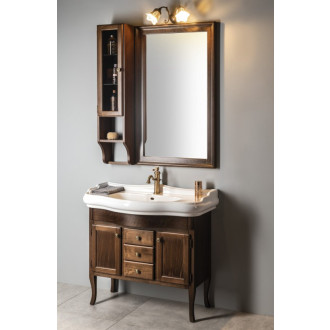 RETRO skrinka k zrkadlu 25x115x20cm, ľavá, buk 1700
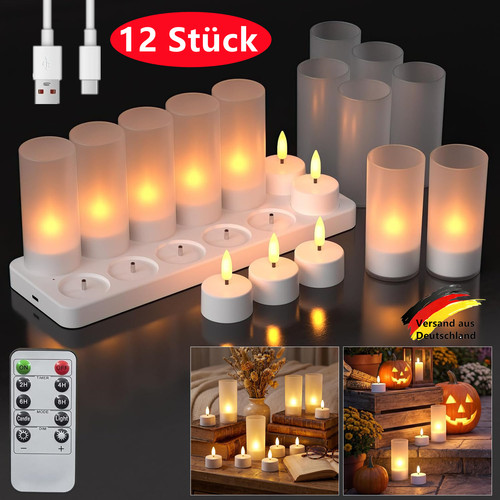 Stück wiederaufladbar led - 12,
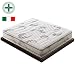 Produktbild materassiedoghe – Matratze in Memory 10 cm 11 Zonen geteilt MyMemory – anatomisch – antibakteriell – Milben – Schimmel – 100% Made in Italy – elastisch und formstabil – Doppelbett Einzelbett Bett 120x190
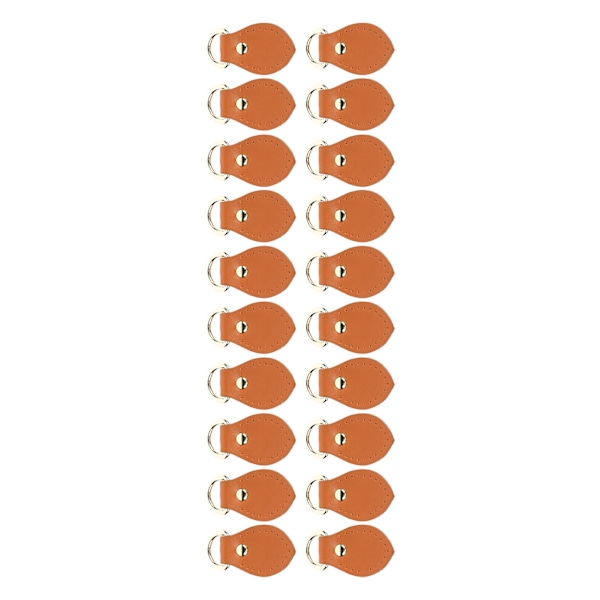 20 set läder D-ringar för handväska Äkta läder D-ringar Handväsktillverkningstillbehör för läder Crossbody-väska Hantverk Claybank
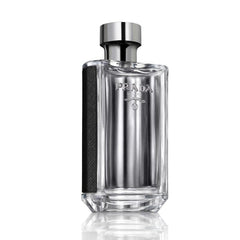 Prada L'Homme EDT bottle front view, ideal for office wear and daily confidence.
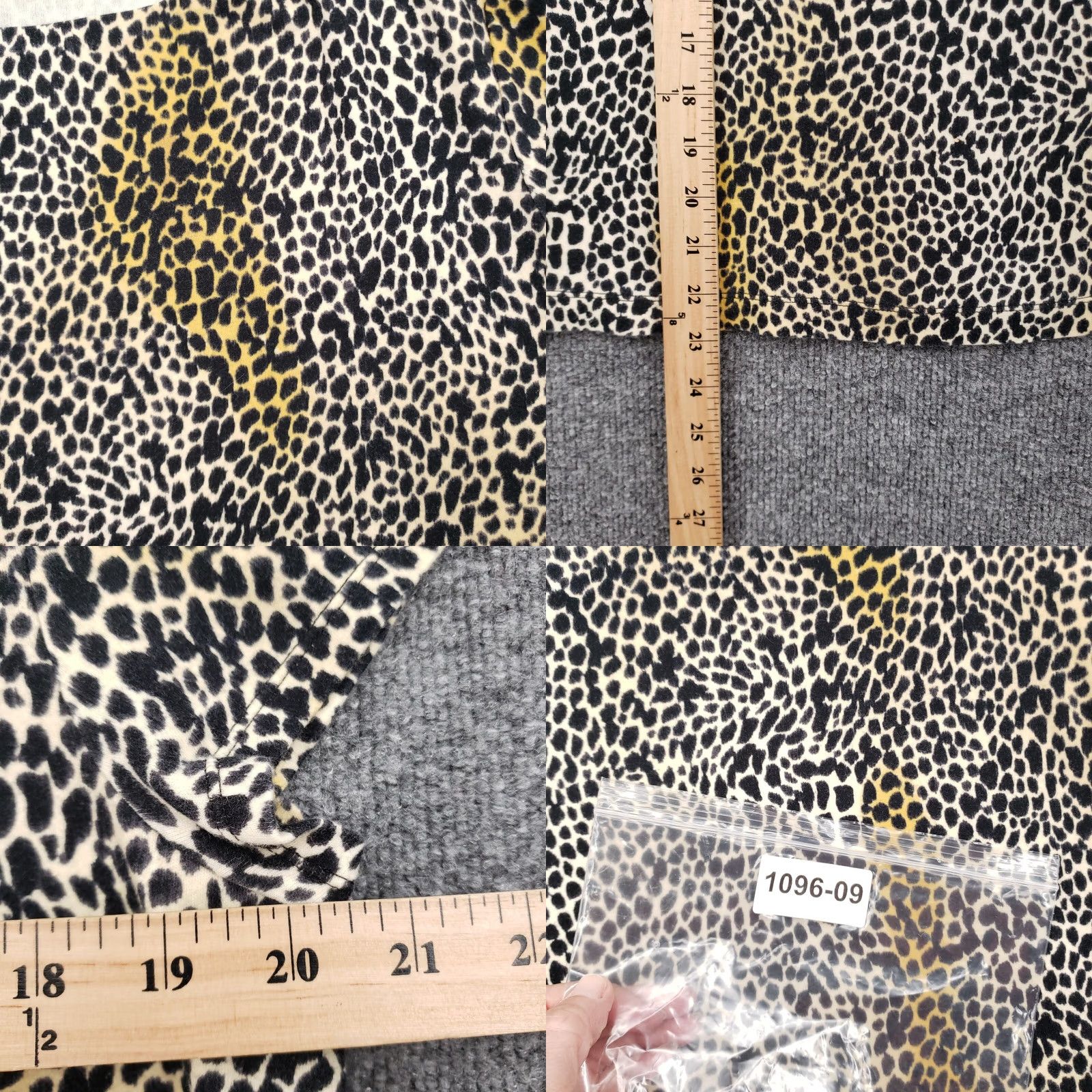 Jones New York Jones New York T-Shirt Women XL Black Signature Cropped Animal Print Cotton Size XL / US 12-14 / IT 48-50 - 8 Thumbnail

··········

Each line from the top of the material through the line containing "Prada L'Homme EDT" should be reproduced exactly; please drop any images.

 RETRO skrinka k zrkadlu 25x115x20cm, ľavá, buk 1700
 Stück wiederaufladbar led - 12,
 Produktbild materassiedoghe – Matratze in Memory 10 cm 11 Zonen geteilt MyMemory – anatomisch – antibakteriell – Milben – Schimmel – 100% Made in Italy – elastisch und formstabil – Doppelbett Einzelbett Bett 120x190
 20 set läder D-ringar för handväska Äkta läder D-ringar Handväsktillverkningstillbehör för läder Crossbody-väska Hantverk Claybank
 Prada L'Homme EDT bottle front view, ideal for office wear and daily confidence.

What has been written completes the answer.